Seaboard & Western Airlines was also the first airline to land and take off at Idlewild (now John F. Kennedy) Airport and fly support for the Berlin Airlift on 30 April 1948. On 3 July 1950, it was the first to fly a Military Air Transport Service (MATS) charter and provide support for the Pacific Airlift for the Korean Conflict with a planeload of Air Force fighter pilots. Seaboard & Western Airlines placed an order worth USD Mio. 8 (value 2023: Mio. 95) L1049Ds, a type exclusively developed and built for the carrier, on 12 December 1951.
On 14 September, they started non-scheduled North Atlantic all-freight services, and after the CAB approved scheduled services in 1955, Seaboard ordered a further five Super Constellations (L1049H). The scheduled, five-times weekly North Atlantic cargo service started on 4 April 1956, with routes from New York to London, Brussels, Amsterdam, and Frankfurt and via Paris to Zurich. The Super Connies continued the non-scheduled and scheduled mainly freight and passenger services until January 1962, when Canadair CL-44s took over the operations. Although the company's name changed to Seaboard World Airlines on 4 April 1961, after Richard M. Jackson started as the new Chairman and President, few Super Connies carried these markings.
On 1 October 1980, The Flying Tiger Line, Inc. took over Seaboard World Airlines. Eight years later, on 16 December 1988, The Flying Tiger Line, Inc., was absorbed by Federal Express Corporation.

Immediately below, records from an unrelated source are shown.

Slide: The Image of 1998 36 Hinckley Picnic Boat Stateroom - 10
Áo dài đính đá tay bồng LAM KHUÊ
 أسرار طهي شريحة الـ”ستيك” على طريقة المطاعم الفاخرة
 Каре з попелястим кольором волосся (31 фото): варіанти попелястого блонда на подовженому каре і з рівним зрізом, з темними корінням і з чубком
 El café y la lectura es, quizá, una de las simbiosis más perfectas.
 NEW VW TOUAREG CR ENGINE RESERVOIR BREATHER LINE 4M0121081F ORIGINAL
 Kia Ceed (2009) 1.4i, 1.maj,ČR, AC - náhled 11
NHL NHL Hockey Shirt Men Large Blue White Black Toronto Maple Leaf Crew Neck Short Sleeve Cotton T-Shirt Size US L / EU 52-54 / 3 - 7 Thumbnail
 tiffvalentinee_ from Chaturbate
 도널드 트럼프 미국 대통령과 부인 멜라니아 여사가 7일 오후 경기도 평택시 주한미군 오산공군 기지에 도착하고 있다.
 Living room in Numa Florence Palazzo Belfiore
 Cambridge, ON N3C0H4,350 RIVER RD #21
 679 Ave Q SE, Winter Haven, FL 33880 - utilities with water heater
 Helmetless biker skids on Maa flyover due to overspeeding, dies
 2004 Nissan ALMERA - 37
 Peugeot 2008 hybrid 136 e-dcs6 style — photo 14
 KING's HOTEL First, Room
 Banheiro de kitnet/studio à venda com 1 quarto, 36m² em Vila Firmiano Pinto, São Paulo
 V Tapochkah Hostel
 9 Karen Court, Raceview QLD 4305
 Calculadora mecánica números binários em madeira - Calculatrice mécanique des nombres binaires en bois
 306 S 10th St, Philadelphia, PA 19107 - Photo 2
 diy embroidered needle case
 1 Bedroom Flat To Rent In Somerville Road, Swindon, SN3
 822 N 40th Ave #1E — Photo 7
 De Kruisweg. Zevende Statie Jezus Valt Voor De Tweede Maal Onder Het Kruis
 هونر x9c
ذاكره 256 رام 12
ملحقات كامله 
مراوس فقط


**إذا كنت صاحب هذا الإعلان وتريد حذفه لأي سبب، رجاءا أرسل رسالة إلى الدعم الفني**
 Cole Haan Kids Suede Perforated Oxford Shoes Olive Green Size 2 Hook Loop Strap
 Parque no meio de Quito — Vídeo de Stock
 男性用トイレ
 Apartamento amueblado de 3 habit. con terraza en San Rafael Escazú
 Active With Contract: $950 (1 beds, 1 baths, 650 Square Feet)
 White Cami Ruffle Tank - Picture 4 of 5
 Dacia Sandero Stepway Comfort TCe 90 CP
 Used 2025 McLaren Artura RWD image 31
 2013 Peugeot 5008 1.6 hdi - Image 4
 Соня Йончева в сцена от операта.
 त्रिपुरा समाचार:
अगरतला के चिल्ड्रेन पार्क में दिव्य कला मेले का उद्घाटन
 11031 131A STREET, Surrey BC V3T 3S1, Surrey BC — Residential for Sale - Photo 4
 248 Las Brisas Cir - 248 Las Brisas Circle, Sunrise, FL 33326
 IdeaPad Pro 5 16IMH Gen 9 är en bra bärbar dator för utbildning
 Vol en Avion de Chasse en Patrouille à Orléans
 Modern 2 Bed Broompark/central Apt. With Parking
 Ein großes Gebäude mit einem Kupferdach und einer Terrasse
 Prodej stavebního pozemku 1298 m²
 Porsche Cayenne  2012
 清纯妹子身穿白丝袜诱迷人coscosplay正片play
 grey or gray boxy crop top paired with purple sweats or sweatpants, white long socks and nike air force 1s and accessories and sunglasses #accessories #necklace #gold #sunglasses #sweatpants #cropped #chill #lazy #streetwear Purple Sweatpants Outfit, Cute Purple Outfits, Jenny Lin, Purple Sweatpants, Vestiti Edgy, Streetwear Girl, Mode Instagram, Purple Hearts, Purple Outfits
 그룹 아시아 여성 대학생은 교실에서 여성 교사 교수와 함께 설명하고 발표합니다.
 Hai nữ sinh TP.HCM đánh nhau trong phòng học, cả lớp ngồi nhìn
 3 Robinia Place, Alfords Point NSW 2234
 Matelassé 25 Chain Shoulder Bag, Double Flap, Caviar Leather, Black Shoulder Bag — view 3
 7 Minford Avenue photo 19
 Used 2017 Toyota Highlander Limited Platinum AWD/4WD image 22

Over the years, Seaboard would establish itself as the preeminent carrier of cargo on the world's most prosperous trade routes, routes that would eventually give rise to 25 different airline competitors. Seaboard earned the respect of the entire aviation community for its remarkable safety record with 33 years of flying all over the globe, often with minimal support, without a single fatal accident.